The calendar block isn't displaying properly. It can have the month starting on the wrong day. The reason is because it was reporting the day of week that 12:01am GMT was. For example, although Dec 1, 2007 starts on a Saturday morning, it is 12:01 am GMT when it is still Friday night in the U.S., and so if the default or a user's time zone is set to anything west of Greenwich, their calendar will have Dec 1 starting on Friday!

The theme_archive_block_calendar() function is the culprit. It actually contains two bugs, one is more obvious, and another subtle. The obvious one of reporting the first weekday of the month incorrectly, can be fixed by subtracting the value of variable_get('date_default_timezone', 0) from the $start variable. This will make the line that calculates $weekday actually report the day of the week that the 1st falls on in the right timezone.

The more subtle bug is that the PHP function strtotime() uses the TZ environment variable, if set, on the host system. If this environment variable is set to GMT, there's no problem, but if it is set to something else, there's a problem. Even with the above fix, the calendar may still report an erroneous start day of week. So the the strtotime(gmdate()) construct doesn't return the timestamp of GMT midnight on the first of the month, it returns the timestamp of the midnight of the 1st of the month in the local TZ. The way to remedy this is to use gmmktime to create the timestamp.

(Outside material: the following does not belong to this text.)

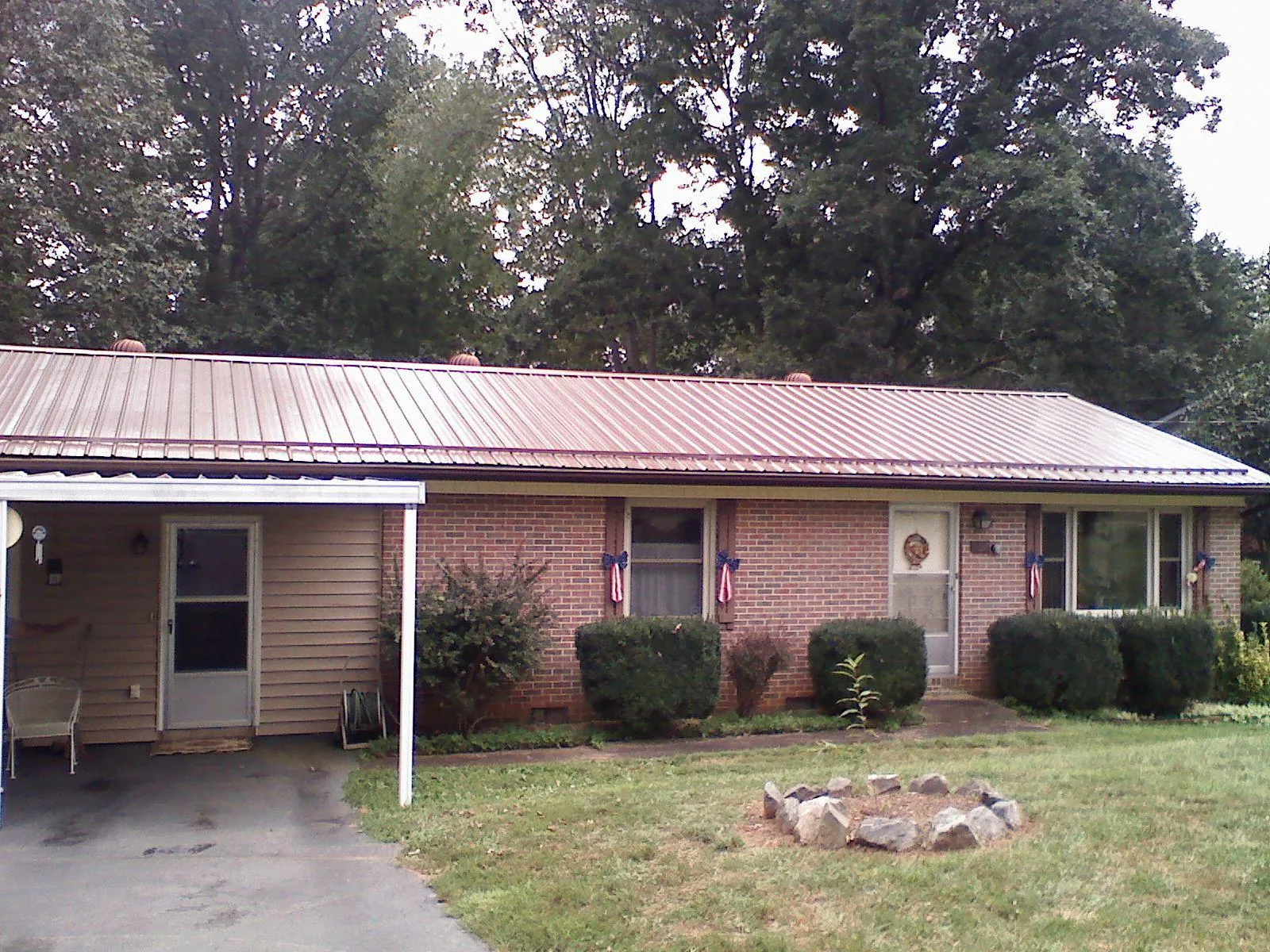 Bronze metal roof and carport on a brick ranch home — Roof Repair work by our crew in Ewell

Here is the diff against the 5.x-1.7 version of archive.module:

344,346c344,348
<   // We use gmdate the first time so that we don't apply the user's timezone twice
<   $start = strtotime(gmdate('Y-m-01', $timestamp));
<   $weekday = array_search(format_date($start, 'custom', 'D'), $day_titles);
---
>   $start_year = format_date($timestamp, 'custom', 'Y');
>   $start_month = format_date($timestamp, 'custom', 'm');
>   $start = gmmktime( 0, 0, 0, (int)$start_month, 1, (int)$start_year );
>   $timezone = variable_get('date_default_timezone', 0);
>   $weekday = array_search(format_date($start - $timezone, 'custom', 'D'), $day_titles);

Enjoy, and thanks again for the great module.

Comments

jaysmall’s picture

Had the same problem, applied the changes Ross provided and the calendar display now works properly on my site.

Susurrus’s picture

While I would love to include this code, I don't fully understand why you subtract the default timezone for the site from the start time.

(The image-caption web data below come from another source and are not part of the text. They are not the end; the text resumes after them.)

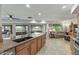 Bright kitchen with granite countertops and a breakfast bar overlooking the living area at 12822 W Ballad Dr, Sun City West, AZ 85375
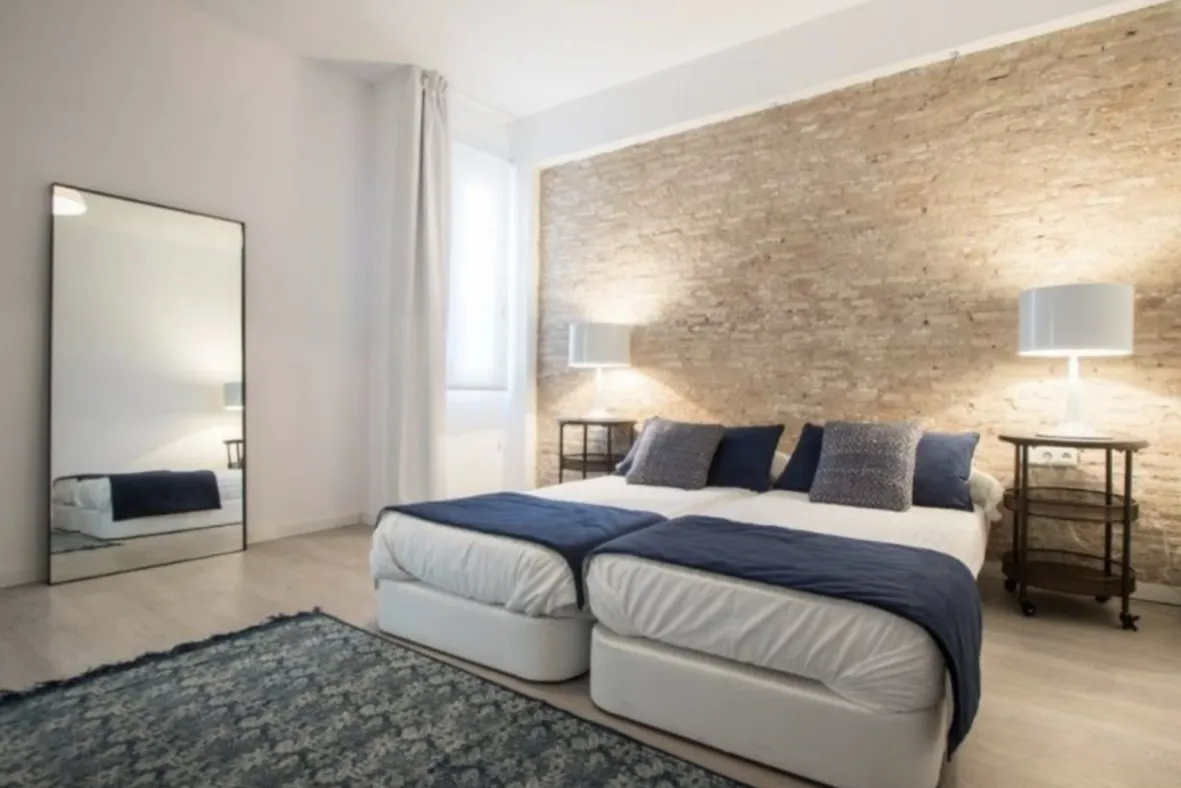 Two white beds with navy throws sit against an exposed brick wall in a bright bedroom with a tall mirror and rug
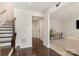 Bright and open foyer with dark hardwood floors, staircase, and view into the living area at 3718 Speer Blvd, Charlotte, NC 28217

Edit: Okay, I think I figured it out. So you get the year and month that the user is in and then build a GMT timestamp for that time. After this point seems a little redundant, though. You should be able to use gmdate('D') to get the info you want directly from the $start variable instead of getting the default_timezone and using format_date(). What you're doing is building a date out in GMT from where the user is in their timezone, then you adjust it by the default timezone of the site and convert it back to the user's timezone. You should be able to use the following instead:

$start_year = format_date($timestamp, 'custom', 'Y');
$start_month = format_date($timestamp, 'custom', 'm');
$start = gmmktime( 0, 0, 0, (int)$start_month, 1, (int)$start_year );
$weekday = array_search(gmdate($start, 'D'), $day_titles);
jrisberg’s picture

Had the same problem, but the patch suggested by Susurrus has worked for me, as long as I fix the typo that the args to gmdate() are backwards. It should be ('D', $start).

Susurrus’s picture

Included in the dev versions for both the 5.x and 6.x branch. Let me know if those releases work for you. They'll be released tonight.

Susurrus’s picture

Status: Active » Fixed
Anonymous’s picture

Status: Fixed » Closed (fixed)

Automatically closed -- issue fixed for two weeks with no activity.